Comune di Sirmione, rappresentato e difeso dagli avv. *****************, **************, *****************, con domicilio eletto presso ***************** in Brescia, via Diaz, 9;

per

(A – ricorso principale)
l’annullamento, previa sospensione,
dell’ordinanza 28 luglio 2006 n°46 e prot. n°11956, conosciuta in data imprecisata, con la quale il Responsabile dell’area amministrativo finanziaria e il Responsabile dell’area vigilanza del Comune di Sirmione hanno disciplinato le modalità di confezionamento per la vendita degli alimenti da asporto e la loro consumazione nelle aree pubbliche del centro storico;
di ogni altro atto presupposto, consequenziale o connesso, anche non richiamato;
( B – ricorso per motivi aggiunti)
l’annullamento
della deliberazione 31 giugno 2006 n°19, pubblicata all’albo pretorio dal giorno 11 maggio al giorno 25 maggio 2006, con la quale il Consiglio comunale di Sirmione ha approvato modifiche al regolamento di polizia urbana, quanto all’art. 19, nella parte in cui esso prevede il potere di dettare, con apposita ordinanza, prescrizioni per le modalità di confezionamento per la vendita degli alimenti suddetti e per il loro consumo in area pubblica;

Visti il ricorso, i motivi aggiunti e i relativi allegati;
Visto l’atto di costituzione in giudizio di Comune di Sirmione;
Viste le memorie difensive;
Visti tutti gli atti della causa;
Relatore nell’udienza pubblica del giorno 3 dicembre 2013 il dott. ************************* e uditi per le parti i difensori come specificato nel verbale;
Ritenuto e considerato in fatto e diritto quanto segue.

FATTO

La Fortune S.r.l., odierna ricorrente, la quale esercita in Sirmione attività di vendita per asporto di alimenti nei propri punti vendita di via Vittorio Emanuele, civici 7 e 26, ognuno assistito da autorizzazione già rilasciata (doc. ti ricorrente 1-5, copie dette; si tratta comunque di fatti non contestati), insorge con il ricorso principale avverso l’ordinanza meglio indicata in epigrafe, la quale, a far data dal 1 gennaio 2007, nelle aree stradali soggette al pubblico passaggio e nelle piazze comprese fra il largo ****** e la piazza Piatti, ovvero in sintesi nel centro storico, “vieta la consumazione di alimenti, cibi precotti o pasti preparati e frutta, eccetto gelati e granite”; fa poi obbligo agli esercizi i quali vendono i predetti alimenti come non destinati al “consumo immediato nei locali e negli spazi all’aperto di pertinenza” di consegnarli al cliente “in buste di carta pesante a sacchetto… chiuse mediante sistema meccanico o altro, in modo da non consentirne un’apertura accidentale” e recanti “in lingua italiana, inglese, tedesca e francese il divieto di consumarne il contenuto nelle aree pubbliche del centro storico” (doc. 14 ricorrente, copia ordinanza, ove alle pp. 2 e 3 la citazione).
A sostegno, la ******* articola sei censure, riconducibili secondo logica ai seguenti tre motivi:
– – con il primo di essi, corrispondente alla prima censura a p. 5 dell’atto, deduce violazione dell’art. 7 l. 7 agosto 1990 n°241, per avere il Comune omesso di inviare l’avviso di inizio del procedimento, che sarebbe dovuto perché l’atto impugnato sarebbe non generale, ma indirizzato a soggetti determinati e determinabili;
– con il secondo motivo, corrispondente alla seconda censura a p. 6 dell’atto, deduce violazione dell’art. 20 della l.r.
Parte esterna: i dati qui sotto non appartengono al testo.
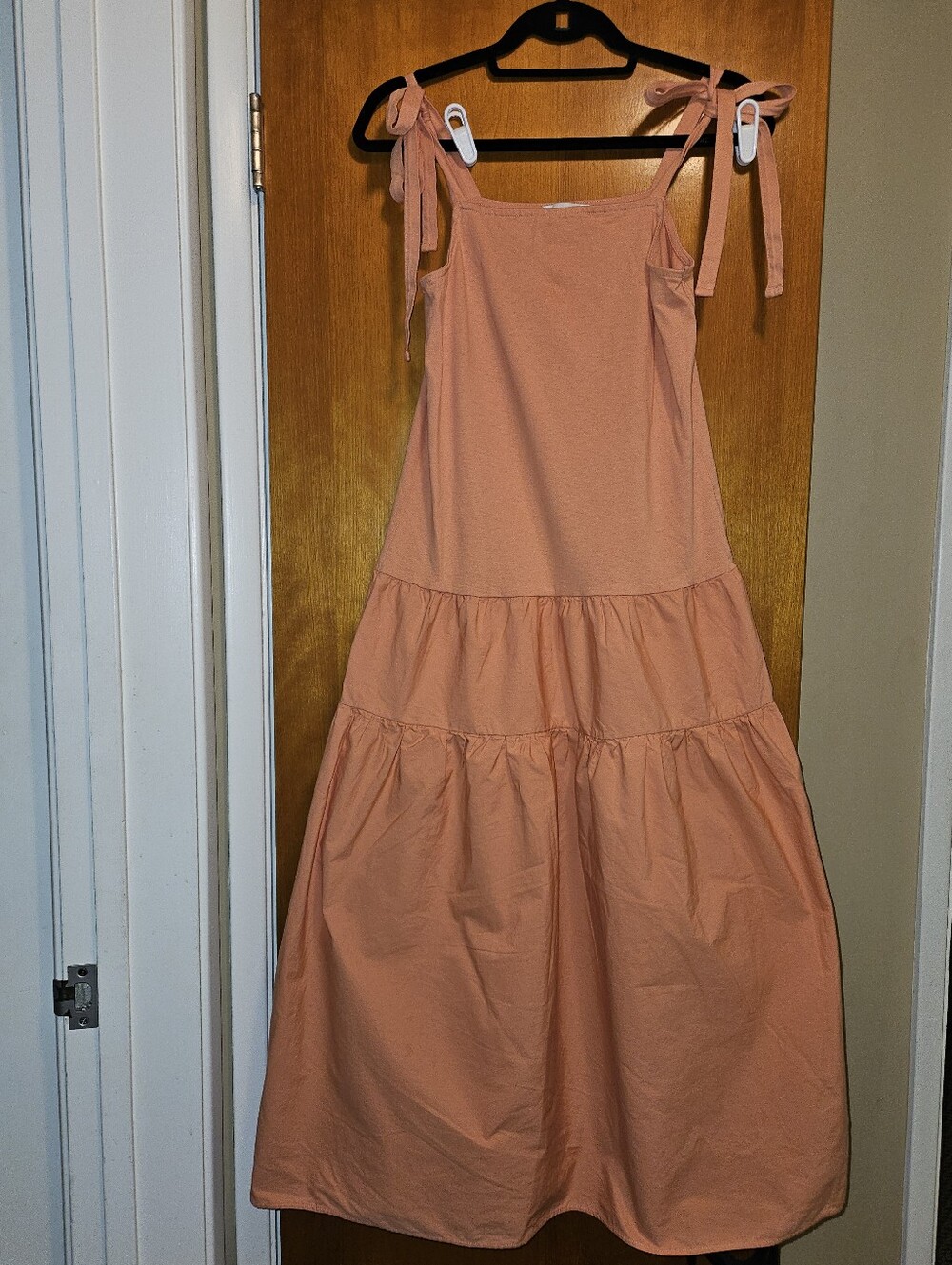 Topshop Tie-Shoulder Tiered Maxi Sundress Cotton - Size 4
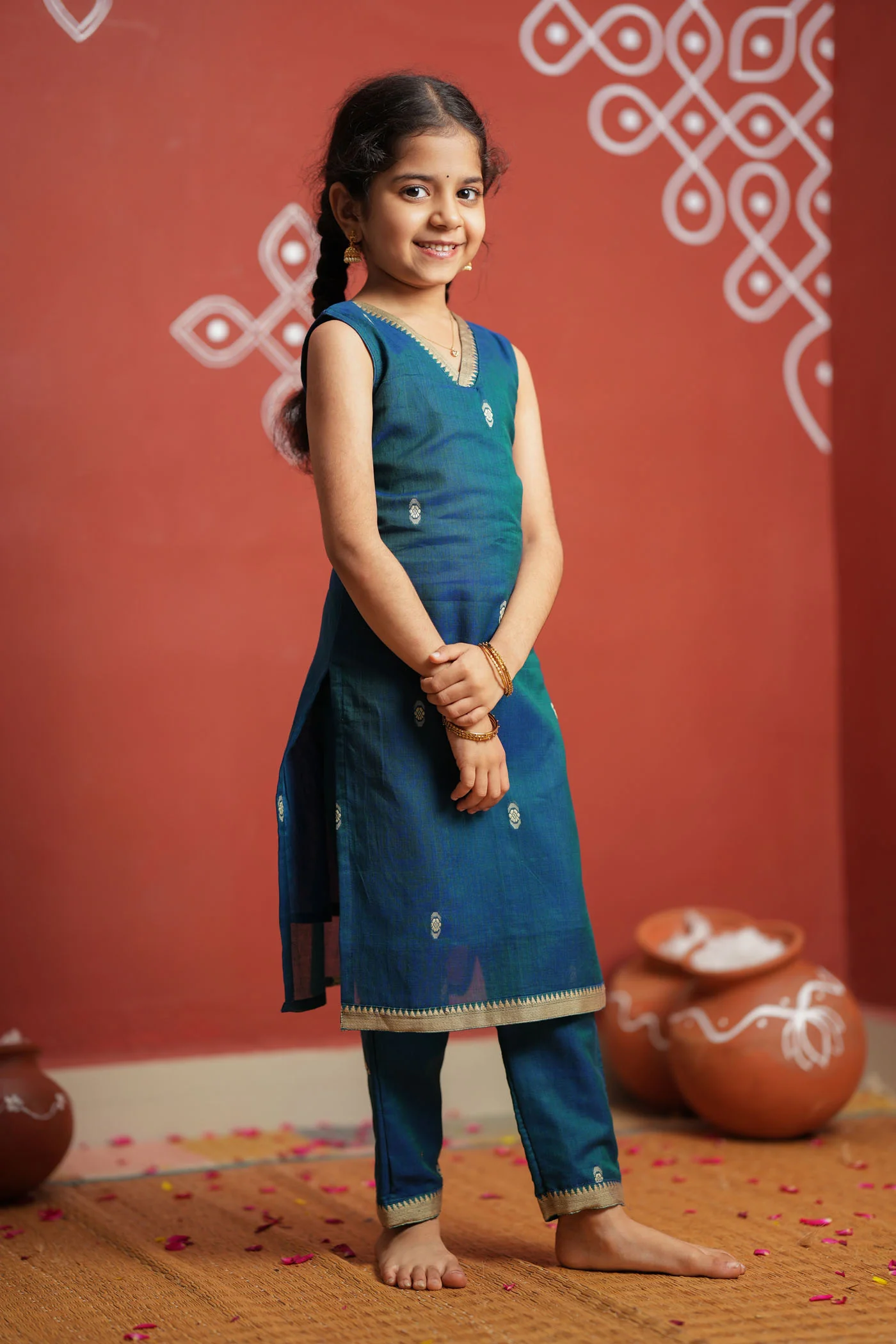 Uthra Teal Kurti set Mini (Set of 2) - Image 8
Lombardia 2003 n°30, vigente all’epoca dei fatti ed ora riprodotto dall’art. 78 della l.r. Lombardia 2 febbraio 2010 n°6, nel senso che il provvedimento impugnato mirerebbe a modificare le licenze già rilasciate per gli esercizi come i propri, e quindi andrebbe adottato previo parere, nella specie assente, della Commissione consultiva prevista dalla norma;
– con il terzo motivo, corrispondente alle residue censure, deduce propriamente eccesso di potere per sviamento e violazione del principio di proporzionalità, anche in relazione all’art. 9 comma 14 della l.r. Lombardia 2003 n°30, vigente all’epoca dei fatti ed ora riprodotto dall’art. 69 comma 14 della l.r. Lombardia 2 febbraio 2010 n°6, per cui “Gli esercizi di somministrazione aperti al pubblico autorizzati… hanno facoltà di vendere per asporto i prodotti per i quali sono stati autorizzati alla somministrazione”. Premette in proposito che il medesimo Comune, con precedente atto, aveva approvato, in dichiarata attuazione della l. 30/2003, un nuovo regolamento per le attività di somministrazione alimenti e bevande, che vietava l’insediamento in centro storico di nuove attività di vendita per asporto e imponeva in sostanza la chiusura delle esistenti, e che tale atto è stato annullato da questo TAR su proprio ricorso, con sentenza sez. II 20 ottobre 2013 n°888. A suo dire, l’ordinanza impugnata tenderebbe, in via surrettizia, a ottenere lo stesso risultato, imponendo una serie di misure sproporzionate al fine, caratterizzate da disparità di trattamento rispetto alle rivendite di gelati e granite e non rispettose della facoltà, concessa dalla legge, di vendere i prodotti in questione anche per asporto.
Resiste il Comune, con atto 30 ottobre e memoria 4 novembre 2006, in cui chiede che il ricorso sia respinto; deduce a sostegno della legittimità dell’ordinanza il regolamento di polizia urbana, modificato nell’art. 19 con la delibera di cui meglio in epigrafe (doc. 12 Comune, copia di essa) e le esigenze di decoro urbano proprie di un centro storico vincolato come quello di Sirmione, che non sarebbero invece pregiudicate dal consumo di gelati e granite da passeggio (p. 14 memoria 4 novembre 2006).
Con ordinanza 19 dicembre 2006 n°1789, la Sezione accoglieva la domanda cautelare.
Con successivo atto depositato il 31 ottobre 2013, la ricorrente proponeva poi motivi aggiunti avverso la citata delibera di modifica del regolamento, con unico motivo di violazione dei richiamati principi di proporzionalità e adeguatezza; nello stesso atto, deduceva poi comunque la sopravvenuta inefficacia dei provvedimenti in parola, per effetto dell’entrata in vigore dell’art. 1 del d.l. 24 gennaio 2012 n°1.
Con atto 2 novembre 2013, il Comune richiamava le proprie precedenti difese.
La Sezione all’udienza del giorno 3 dicembre 2013 tratteneva infine il ricorso in decisione.

DIRITTO

1. Il ricorso principale è fondato e va accolto, nei termini di che appresso.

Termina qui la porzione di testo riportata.